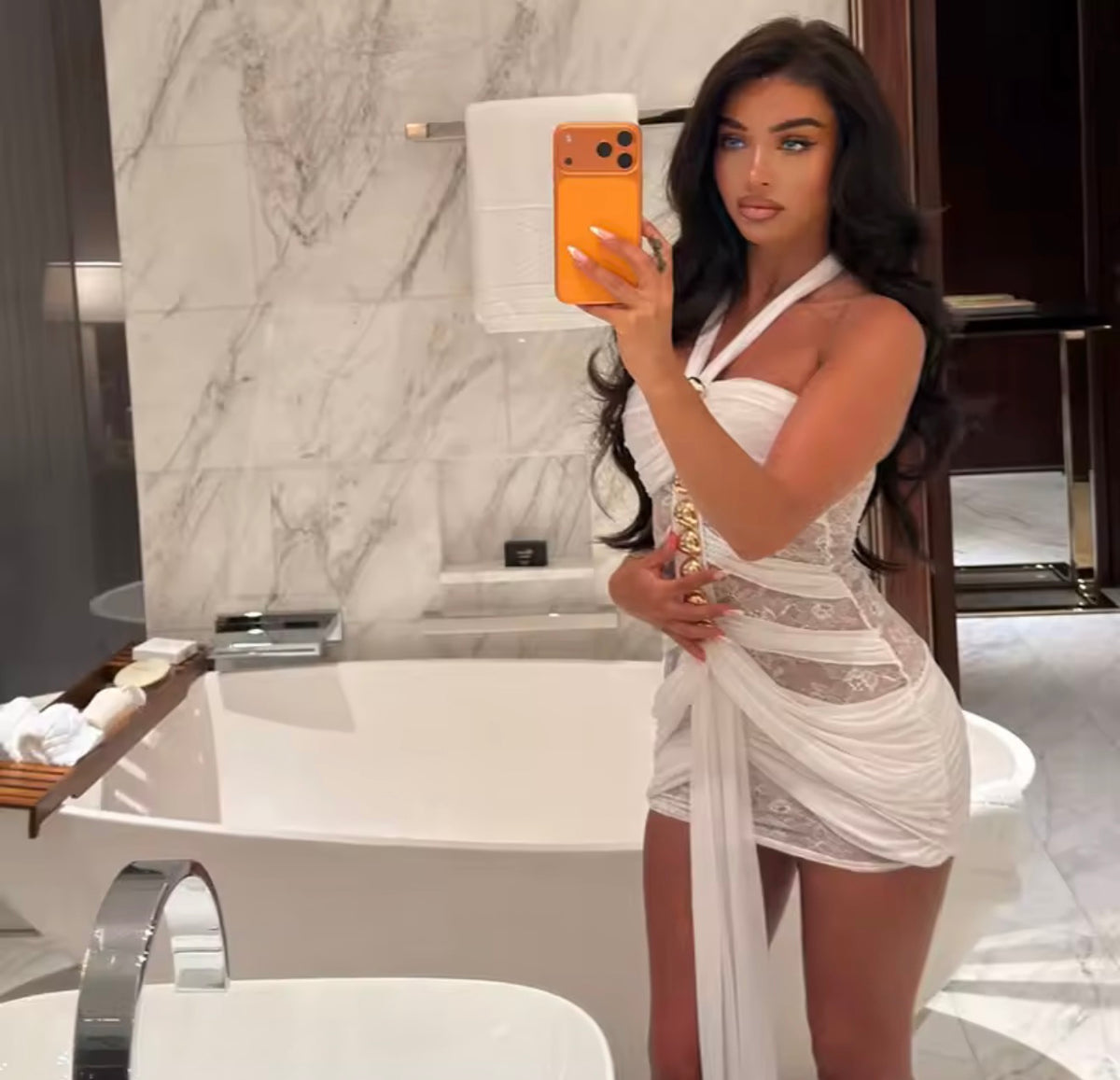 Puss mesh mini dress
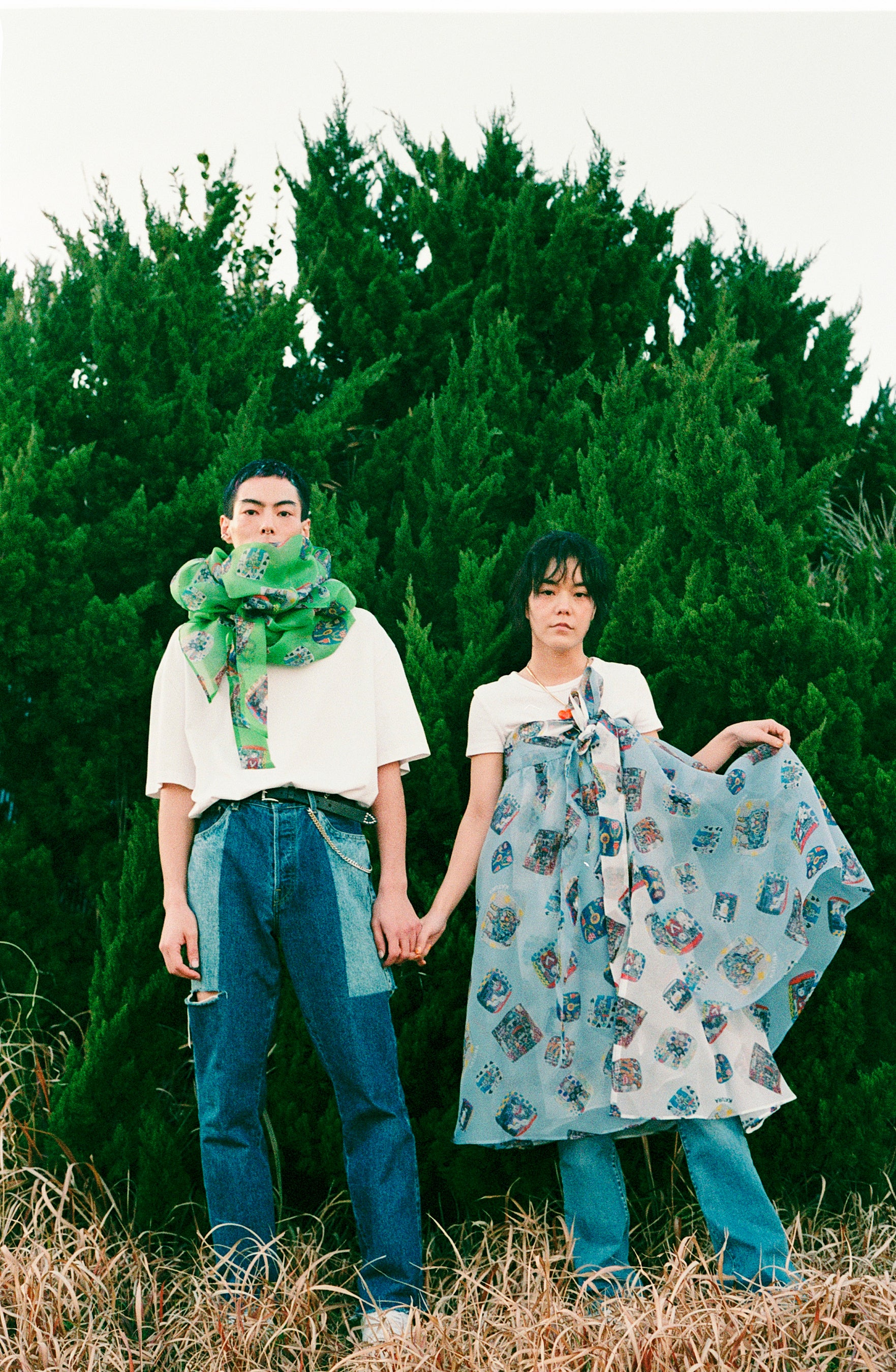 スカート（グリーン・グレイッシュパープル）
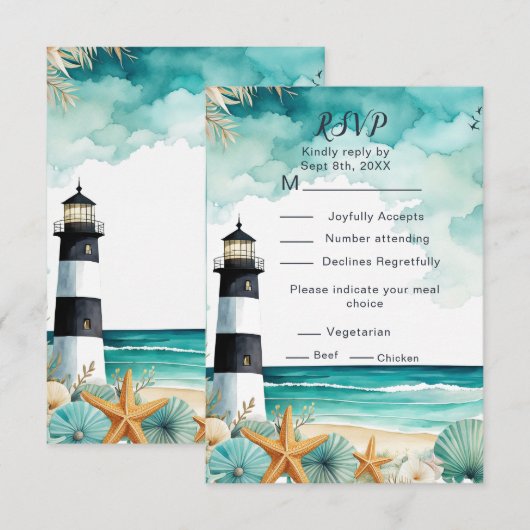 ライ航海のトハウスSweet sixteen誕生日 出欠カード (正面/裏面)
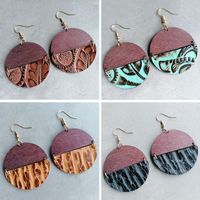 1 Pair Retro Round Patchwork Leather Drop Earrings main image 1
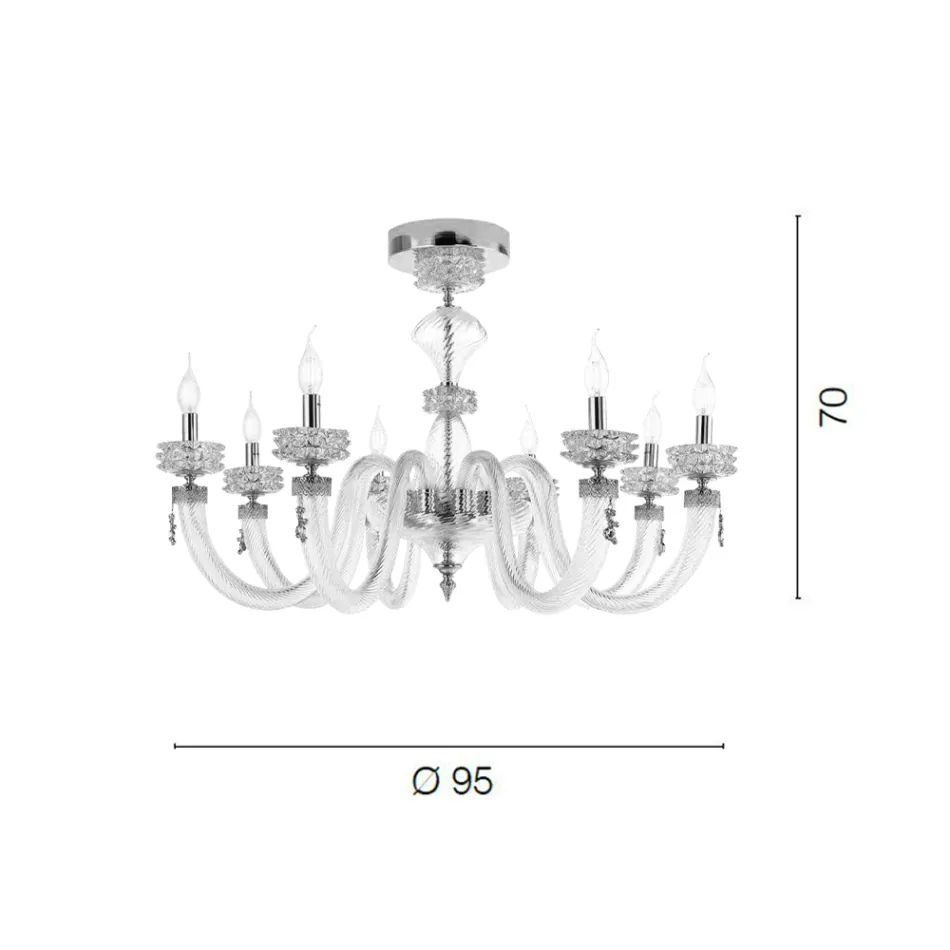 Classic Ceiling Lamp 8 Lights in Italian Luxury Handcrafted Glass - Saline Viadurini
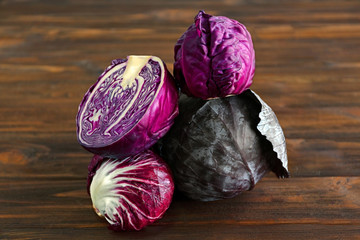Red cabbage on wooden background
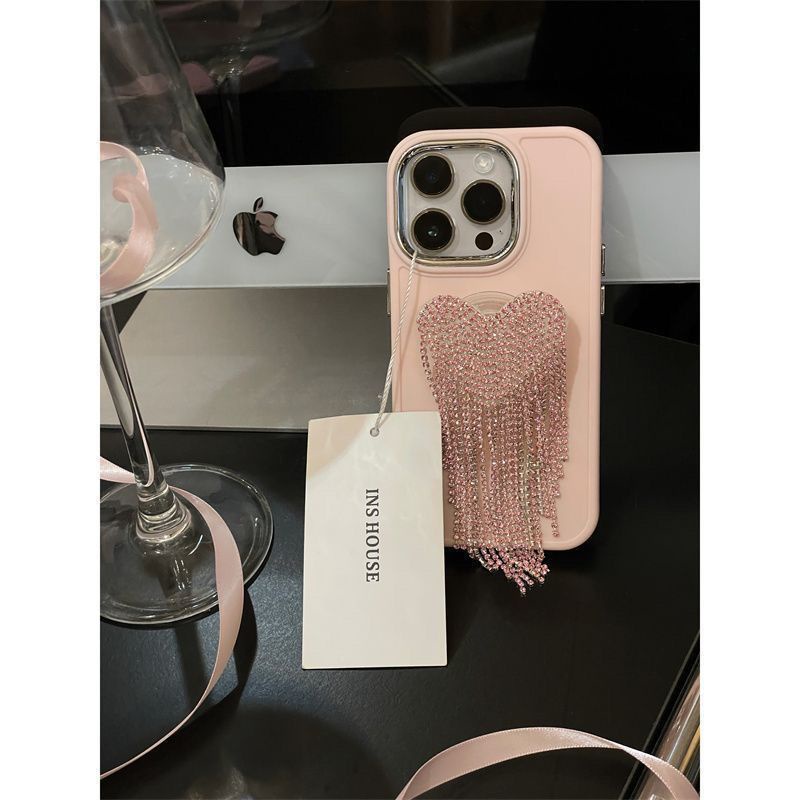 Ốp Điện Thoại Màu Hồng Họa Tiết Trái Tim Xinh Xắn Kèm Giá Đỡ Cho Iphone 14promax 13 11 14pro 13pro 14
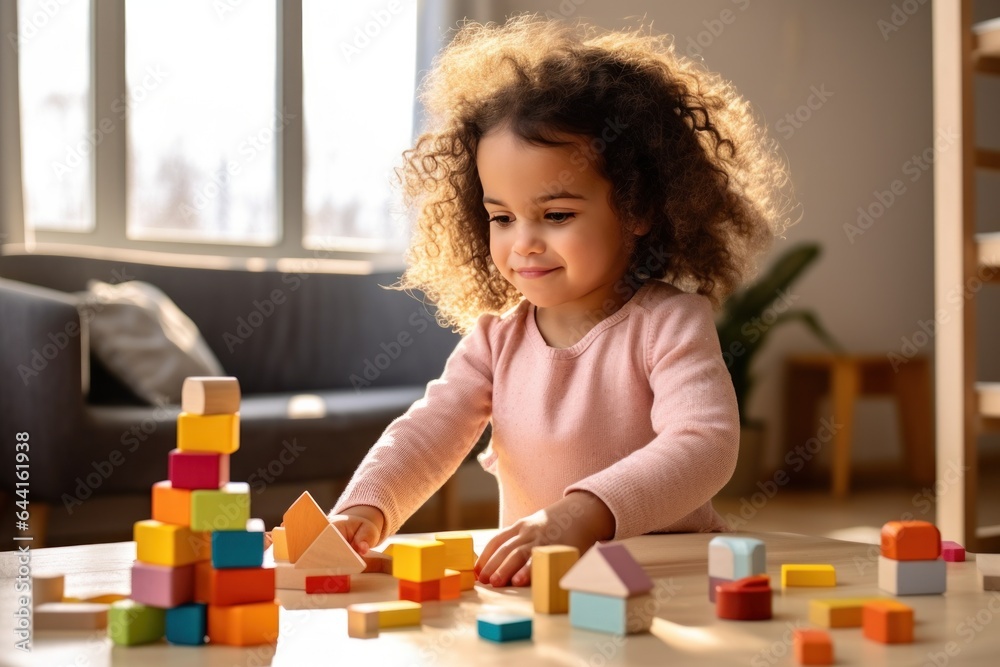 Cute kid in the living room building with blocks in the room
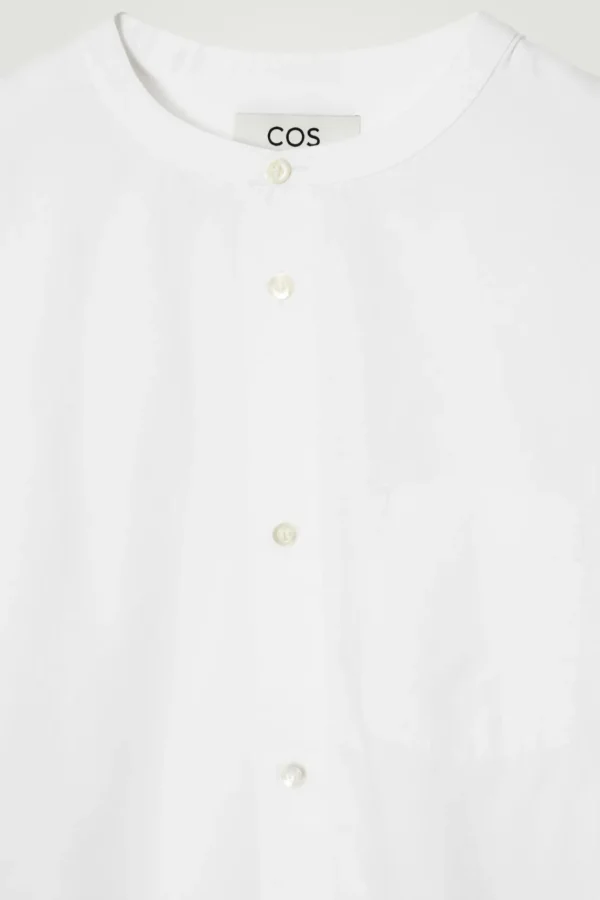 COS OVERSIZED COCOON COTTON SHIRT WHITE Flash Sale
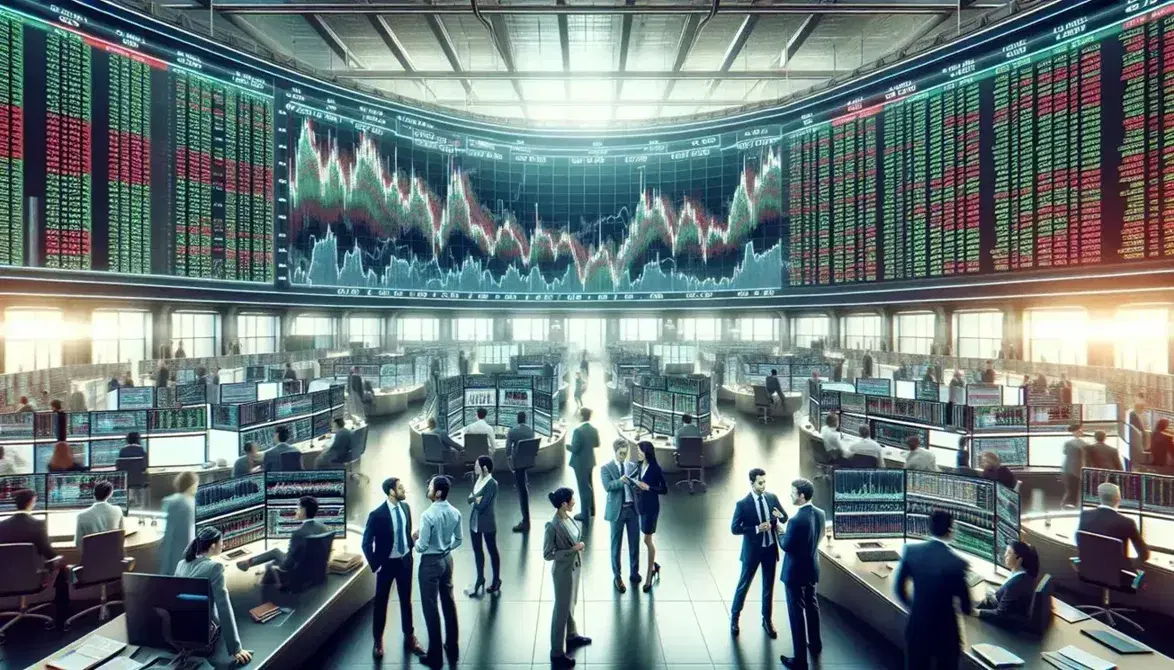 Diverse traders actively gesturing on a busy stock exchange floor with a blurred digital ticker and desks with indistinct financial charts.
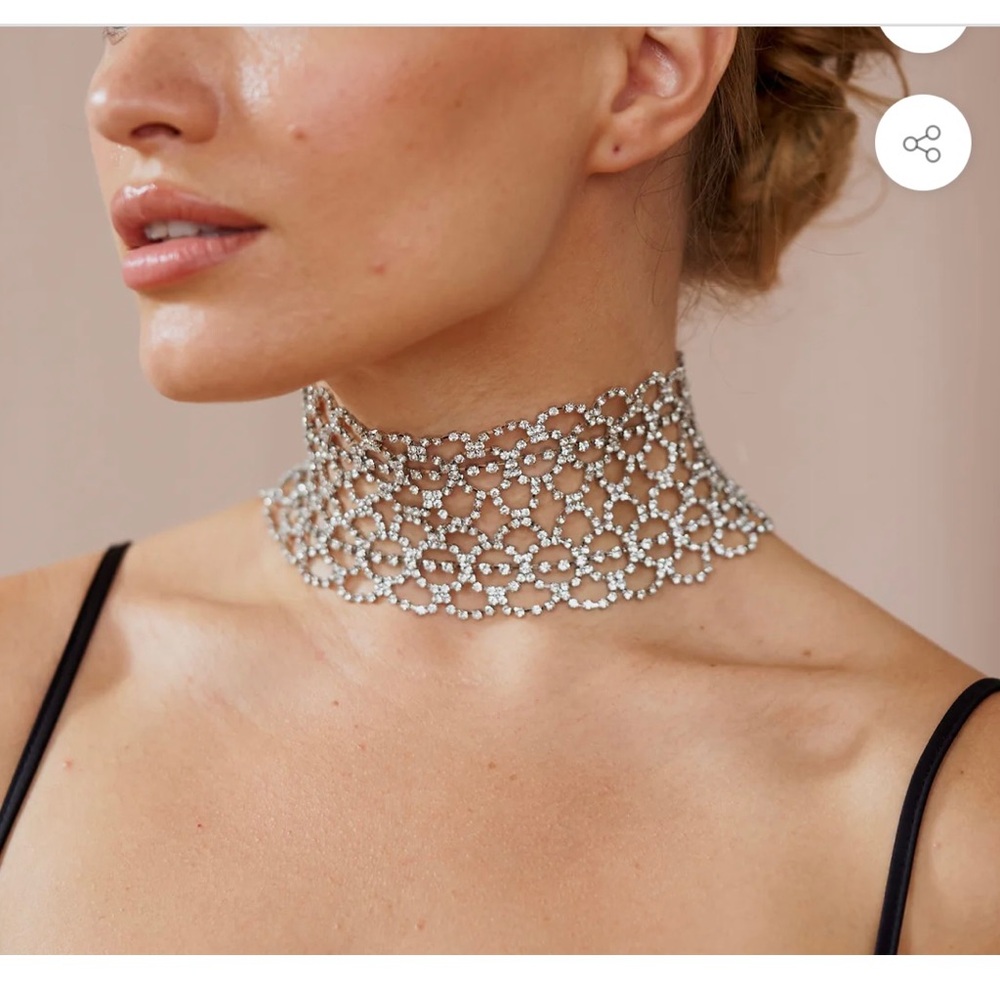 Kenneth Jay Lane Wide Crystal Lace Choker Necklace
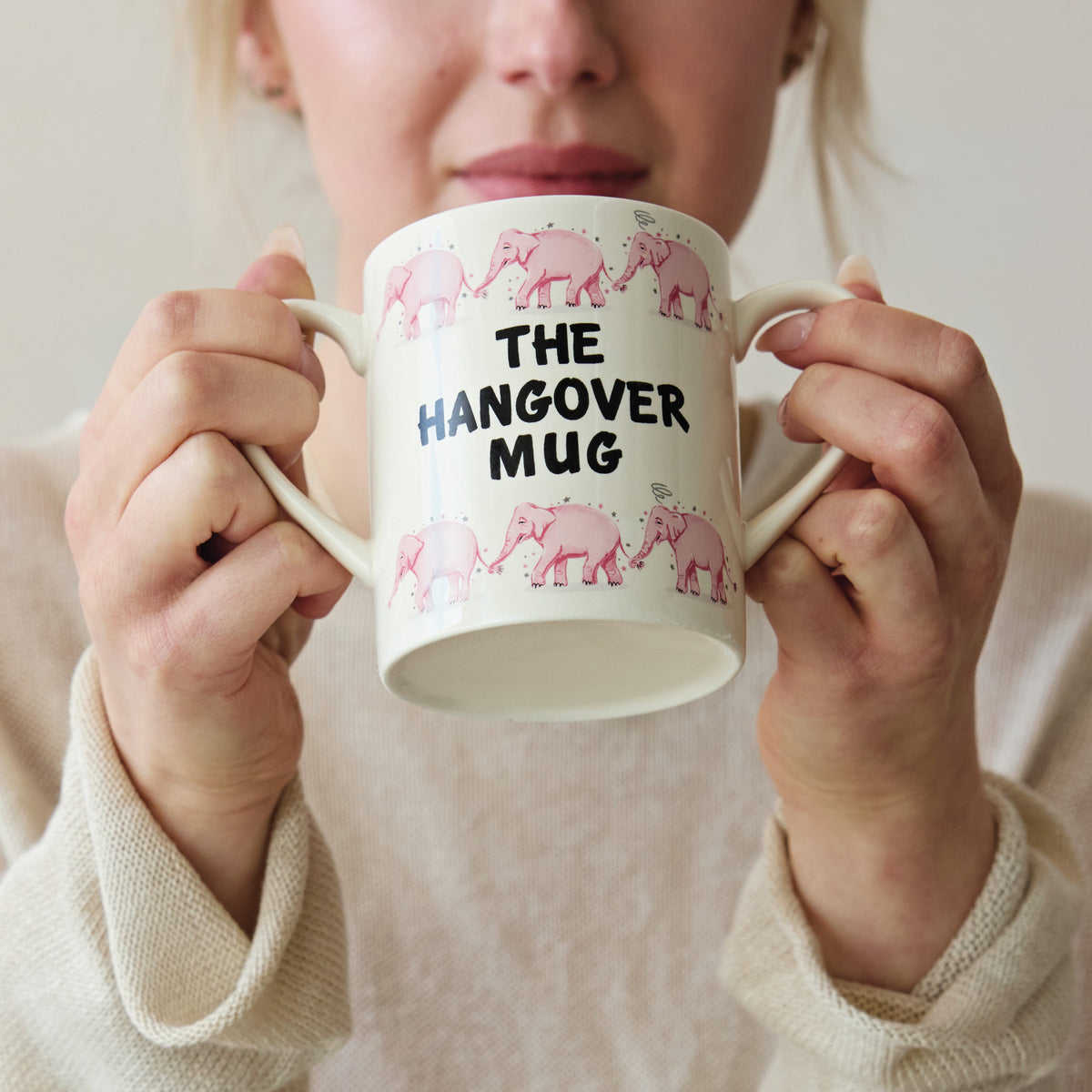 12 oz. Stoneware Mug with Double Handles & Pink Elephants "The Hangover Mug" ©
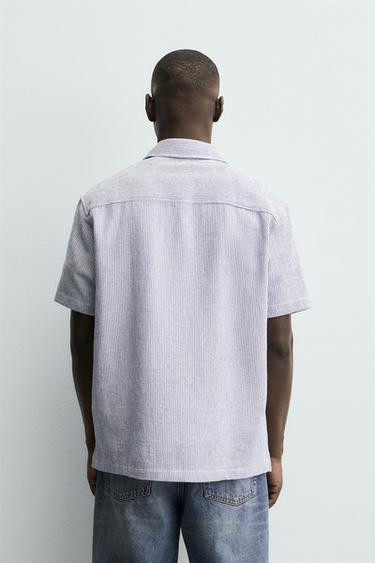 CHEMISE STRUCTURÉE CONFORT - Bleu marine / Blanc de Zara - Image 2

Assignment:
Output verbatim the lines beginning at the line with "Cute kid in" and ending at the last line of the material above, inclusive. Do not carry over any pictures.

Answer to this problem:
 Cute kid in the living room building with blocks in the room
 COS OVERSIZED COCOON COTTON SHIRT WHITE Flash Sale
 Diverse traders actively gesturing on a busy stock exchange floor with a blurred digital ticker and desks with indistinct financial charts.
 Kenneth Jay Lane Wide Crystal Lace Choker Necklace
 12 oz. Stoneware Mug with Double Handles & Pink Elephants "The Hangover Mug" ©
 CHEMISE STRUCTURÉE CONFORT - Bleu marine / Blanc de Zara - Image 2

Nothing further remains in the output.